* **Dataset records**:
---
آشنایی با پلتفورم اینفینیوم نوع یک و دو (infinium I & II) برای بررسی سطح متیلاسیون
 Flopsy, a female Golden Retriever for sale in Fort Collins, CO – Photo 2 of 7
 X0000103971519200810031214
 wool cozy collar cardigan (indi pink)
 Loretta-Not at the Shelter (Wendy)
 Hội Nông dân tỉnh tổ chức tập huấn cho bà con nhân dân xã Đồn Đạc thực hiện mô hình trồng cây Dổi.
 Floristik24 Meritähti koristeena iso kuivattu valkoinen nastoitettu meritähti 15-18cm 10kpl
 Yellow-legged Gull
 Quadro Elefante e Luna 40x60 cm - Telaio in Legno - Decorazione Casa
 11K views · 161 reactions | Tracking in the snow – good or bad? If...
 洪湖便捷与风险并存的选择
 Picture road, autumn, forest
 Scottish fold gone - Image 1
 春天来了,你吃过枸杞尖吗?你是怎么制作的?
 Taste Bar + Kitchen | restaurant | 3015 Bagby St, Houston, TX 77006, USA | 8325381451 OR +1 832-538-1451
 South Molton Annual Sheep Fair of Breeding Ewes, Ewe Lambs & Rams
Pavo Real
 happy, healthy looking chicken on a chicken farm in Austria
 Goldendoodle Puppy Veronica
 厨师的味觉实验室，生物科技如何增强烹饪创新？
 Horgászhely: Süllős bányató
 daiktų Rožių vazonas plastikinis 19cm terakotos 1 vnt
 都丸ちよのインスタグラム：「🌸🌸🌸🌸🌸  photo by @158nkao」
---
* **The task**: Copy, exactly and only, the lines above that begin with the one containing "洪湖便捷与风险并存的选择" and finish with the one containing "Taste Bar +".

* **Reply**:
 洪湖便捷与风险并存的选择
 Picture road, autumn, forest
 Scottish fold gone - Image 1
 春天来了,你吃过枸杞尖吗?你是怎么制作的?
 Taste Bar + Kitchen | restaurant | 3015 Bagby St, Houston, TX 77006, USA | 8325381451 OR +1 832-538-1451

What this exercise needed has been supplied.